Cool-headed analysis
Bovingdon’s understatement supports his argument and reveals him to be as disinterested an observer as one could hope for. His first chapter, on the historiography of Xinjiang and the Uyghur people, illustrates the need for such cool-headed impartiality: Chinese and Uyghur histories are not just different, they are mutually exclusive.
Chinese scholars argue Uyghurs had always and will always be a part of China, while Uyghur histories hold that the Uyghur people have existed for thousands of years in a land that was not historically part of China. There is good reason to dismiss some claims on both sides – even the word "Uyghur" as it is used today is arguably a Soviet construct – and Bovingdon does so.
In subsequent chapters detailing the political structure of the optimistically named Xinjiang Uyghur Autonomous Region, everyday acts of resistance, collective action and Uyghur transnational organizations, Bovingdon brings the same measured approach to considering the actions of Uyghurs and the Han-dominated Party organs – and, increasingly, the Han residents of Xinjiang. Chinese and Uyghur explanations of these actions are all predictably incompatible.

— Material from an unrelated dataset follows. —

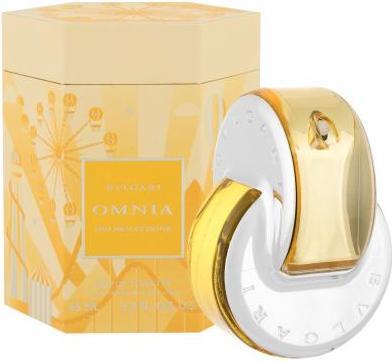 Produktbild Bulgari Omnia Golden Citrine (Eau de Toilette, 65 ml)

But this is not simply a book about finding the truth hidden underneath posturing from both sides. Such posturing is neither a distraction from the political struggle in the region, nor is it a distortion, Bovingdon argues. Rather, "these various modes of representational politics are crucial components of the contention."
It is a contention that has led to an intensified sense of identity among the Uyghurs, one strengthened and even created by a Beijing fearful, variously, of Western imperialism, Soviet-style disintegration and terrorism. It has contributed to social and economic stratification along ethnic lines and created such paranoia about Islam among regional authorities that Uyghur students and Party members are explicitly denied the right of freedom of belief guaranteed to them in the Chinese constitution. This last requirement has even led to cases of open resistance, as Uyghur Party cadres have publicly renounced their memberships in favor of their faith.
The result is a uniquely dysfunctional relationship in which the threshold of Beijing’s tolerance to resistance is set at such absurdly low levels that large robberies and attacks on livestock are classified as acts of terrorism.
As "mass events" erupt across China in ever-larger numbers, Xinjiang has actually seen a sharp decline in protests since 1998; yet this decline has been accompanied by a ratcheting up of official rhetoric condemning terrorist and "splittist" activities in the region.
It was against this backdrop that the Urumqi riots of 2009 took place; Bovingdon addresses the protests and violence in an epilogue, noting that they "indicated, and surely exacerbated, mutual misunderstanding and hostility between Uyghurs and Hans in Xinjiang." While the scale of the protests and violence were newsworthy, nothing about its causes was at all remarkable.
If the book’s structure and language tend toward the academic at times – it grew out of Bovingdon’s dissertation – his argument is no less clear, convincing or sad.